Brief descriptive captions:
----------

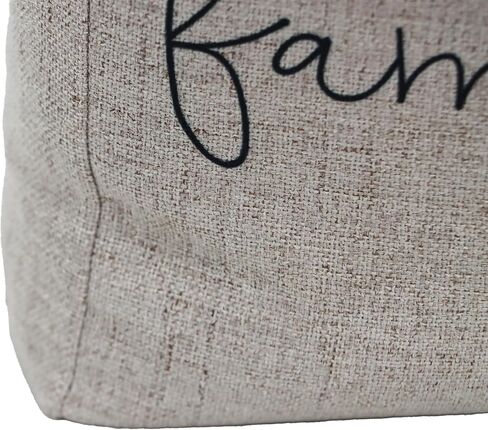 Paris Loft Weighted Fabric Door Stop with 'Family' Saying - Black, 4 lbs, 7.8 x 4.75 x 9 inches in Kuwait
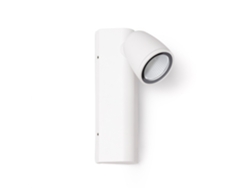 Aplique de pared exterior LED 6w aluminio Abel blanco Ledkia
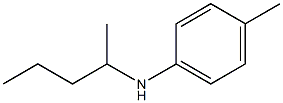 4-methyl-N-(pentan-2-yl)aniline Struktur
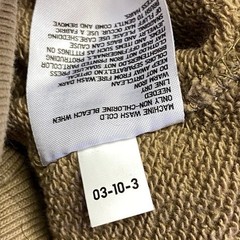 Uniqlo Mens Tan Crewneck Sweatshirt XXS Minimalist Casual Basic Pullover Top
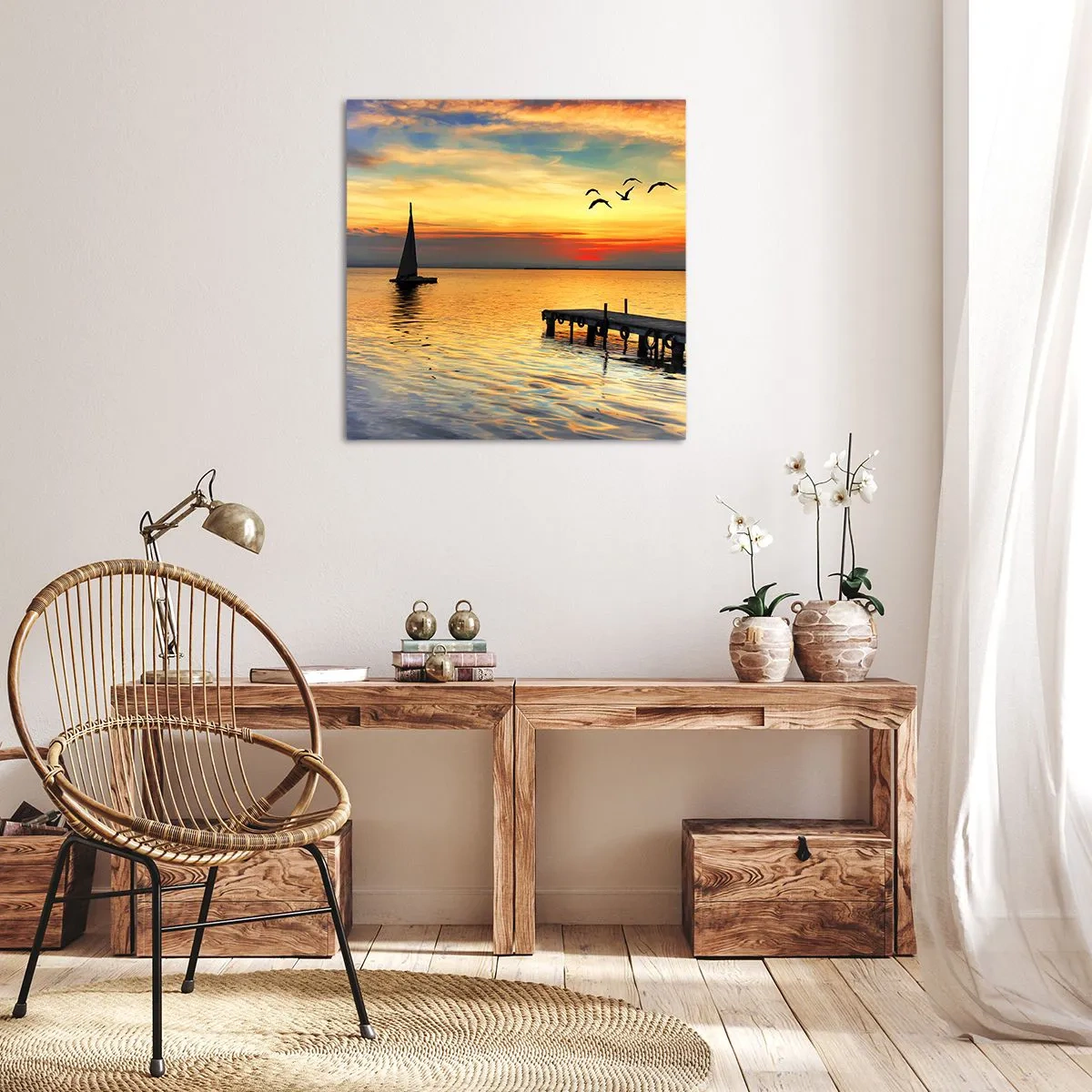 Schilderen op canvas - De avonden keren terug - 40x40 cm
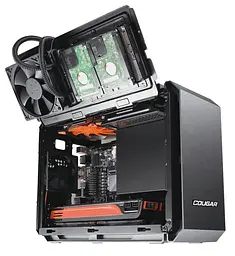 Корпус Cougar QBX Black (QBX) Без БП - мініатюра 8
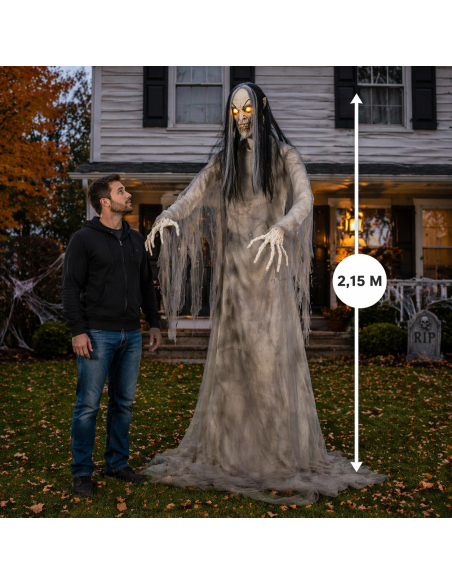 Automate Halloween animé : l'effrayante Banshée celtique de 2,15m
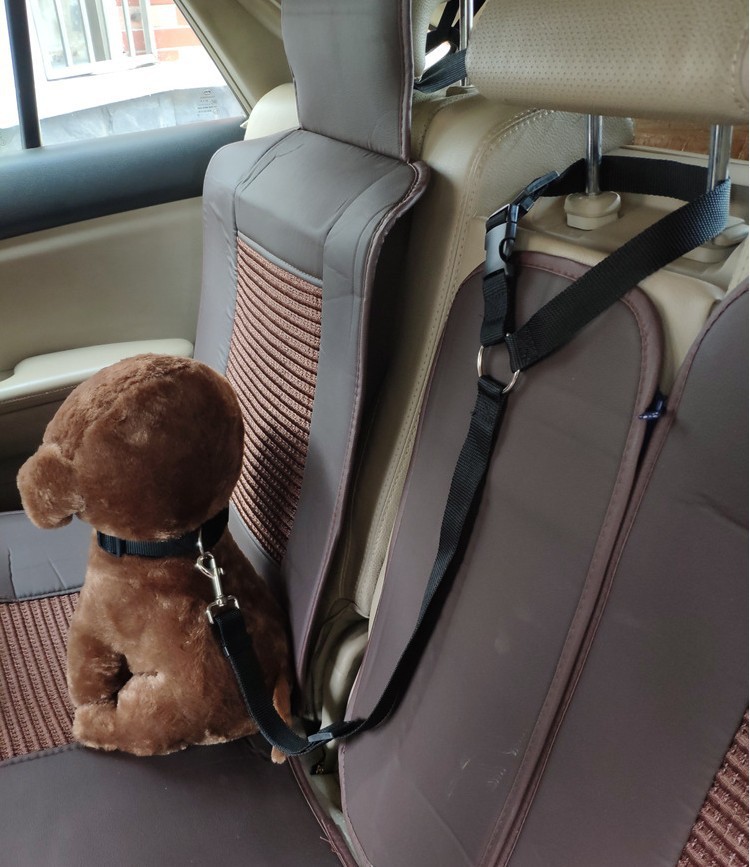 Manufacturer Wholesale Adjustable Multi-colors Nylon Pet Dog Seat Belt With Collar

----------

▶ **Instructions for the task**: Reproduce exactly, and only, the lines from the one containing "Uniqlo Mens Tan" through the last line of the records above, both included, leaving out any pictures.

▶ **Result of this exercise**:
 Uniqlo Mens Tan Crewneck Sweatshirt XXS Minimalist Casual Basic Pullover Top
 Schilderen op canvas - De avonden keren terug - 40x40 cm
 Корпус Cougar QBX Black (QBX) Без БП - мініатюра 8
 Automate Halloween animé : l'effrayante Banshée celtique de 2,15m
 Manufacturer Wholesale Adjustable Multi-colors Nylon Pet Dog Seat Belt With Collar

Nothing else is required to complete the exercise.